Les élections se succèdent, les problèmes restent.

By webmestre

par Brigitte Brozio

brozio.jpgLe deuxième tour des législatives 2007 a montré qu’un certain nombre de citoyens voyait la nécessité de corriger le résultat du 1er tour afin d’éviter le tsunami bleu. Ils ont bien fait. Toute démocratie vit de la capacité de toutes ses composantes de se faire entendre.

D’autres n’ont plus trouvé l’élan de se déplacer pour ces élections législatives. Tous sont unanimes, le taux d’abstention élevé mérite une analyse. Beaucoup ont pensé que la présidentielle est l’essentiel et que les jeux étaient déjà faits.

Les logiques qu’imposent les institutions de la 5e république semblent leur donner raison. Nombre de citoyens ont peu d’espoir dans ces politiques qui n’arrivent pas à réaliser de vraies alternatives une fois terminé les discours incantatoires des campagnes électorales.

 

Le spectacle médiatique qui accompagne les campagnes a sa propre logique.
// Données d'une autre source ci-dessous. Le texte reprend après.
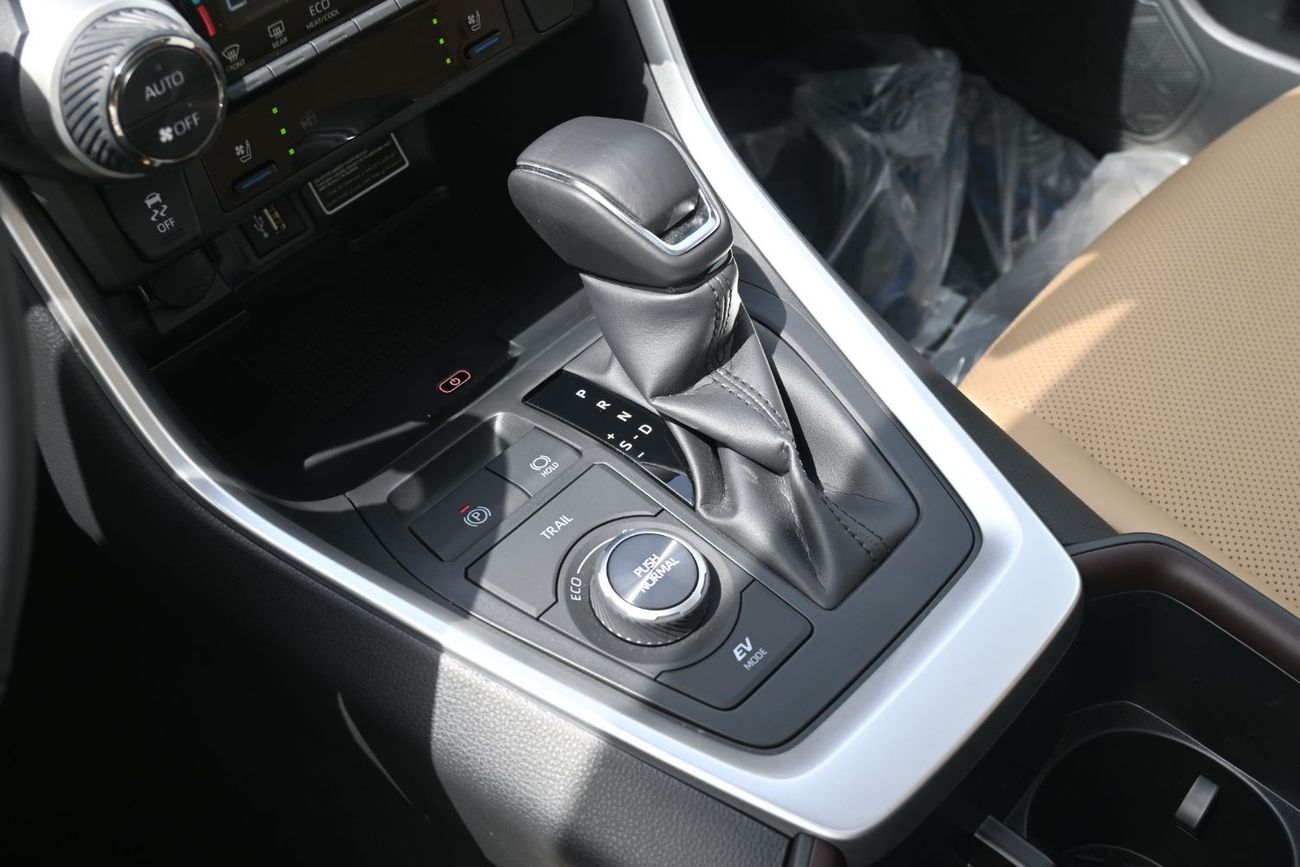 Toyota RAV4 Toyota RAV4 Limited 2.5L Hybrid, AWD, Model 2025 Color Silver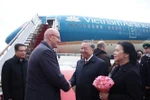El viceprimer ministro ruso Dmitri Chernyshenko despide al secretario general To Lam y a su esposa en el aeropuerto Vnukovo 2, Moscú. (Foto: VNA)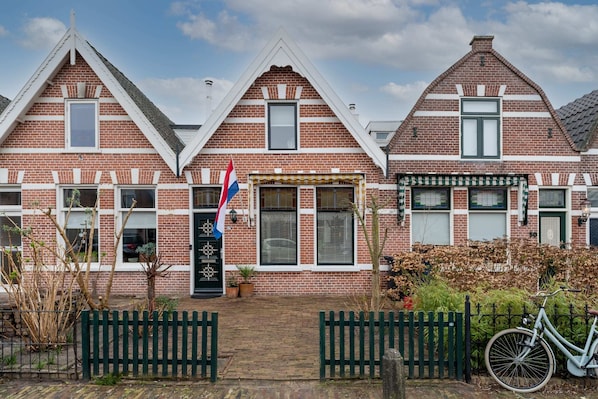 Charming Dutch facade with authentic brickwork, private entrance, and cozy garden. Welcome to House 'n Cheese in the heart of Alkmaar!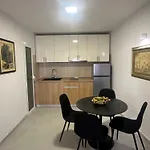Tomas Apartment *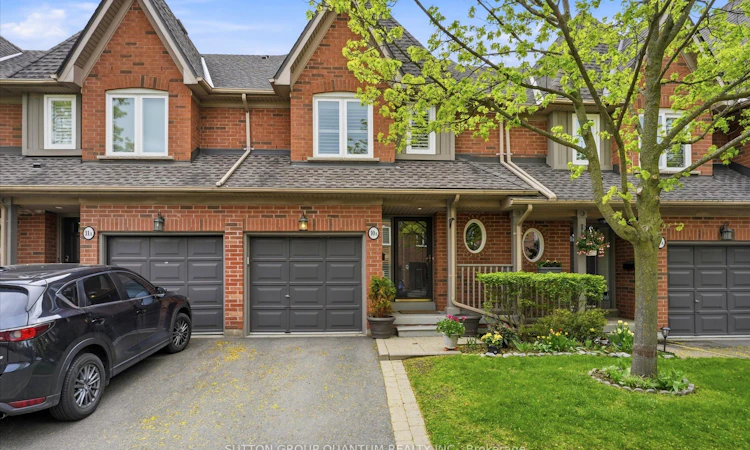 10A-1064 Queen Street W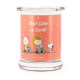 Bougie Peanuts Best Sister on Earth aux notes d’ozone de pomme, orange musquée et jasmin, pour une ambiance douce et relaxante.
Il passionne et influence un grand nombre, mais semble faire bâiller beaucoup d’autres, qui préfèrent aller à la plage le jour du vote.

 

A qui la faute – aux institutions, aux partis, aux médias, aux électeurs ?

 

Les Verts demandent depuis longtemps un changement radical des institutions vers une 6ème république, qui permettra une juste représentation de ceux qui participent à la vie politique sur la base des résultats dans les urnes. Néanmoins le bipartisme se confirme d’une élection à l’autre en donnant un espace démesuré aux grands partis et un espace réduit aux autres vu la répartition des sièges au parlement. Est-ce que cette préférence pour des majorités nettes profite au pays ? Est-ce que les réalisations politiques du passé justifient cette muselière limitant l’expression démocratique et diverse ? Je le conteste, mais je laisse juger le lecteur.

 

D’un autre côté quels sont les avantages d’un système présidentiel qui limite le rôle du parlement ? Combien d’hommes providentiels n’ont-ils pas déjà promis le sursaut décisif afin de résoudre ces problèmes bien souvent structurels et qui nécessitent un consensus large et une prise de conscience générale? Est-ce que ce système présidentiel épaulé d’un mode de scrutin qui favorise les majorités nettes n’empêche pas justement ce consensus large au sein des citoyens qui pourrait porter des vraies solutions suite à un vrai débat démocratique ? SARKOZY conscient du danger veut nous tromper avec quelques représentants de gauche ou du milieu associatif dans son nouveau gouvernement.

 

Les VERTS, parti de l’écologie politique, assument depuis longtemps le fait qu’ils attirent moins aux élections nationales où le système électoral leur est défavorable qu’aux élections régionales et locales. Quand l’électeur leur accorde sa confiance les élu-e-s verts s’investissent à fond et peuvent se vanter d’un bon bilan de transformation des politiques vers les solutions écologiques indispensables. Ils sont également des innovateurs dans des secteurs comme l’économie sociale et solidaire et la vie associative, qui constituent des alternatives plus justes à la société libérale.

 

Ces législatives 2007 obligent toute la Gauche à réfléchir sur la stratégie à suivre et aux réactions possibles face aux politiques qui nous attendent. Beaucoup ont tendance de vouloir baisser les bras et pourtant … c’est justement maintenant qu’il faut montrer notre capacité de résistance. C’est vrai qu’il faut rompre avec certaines pratiques courantes dans le parti Vert, mais il faut aussi construire dans la continuité. Tout n’est pas à jeter, loin de là.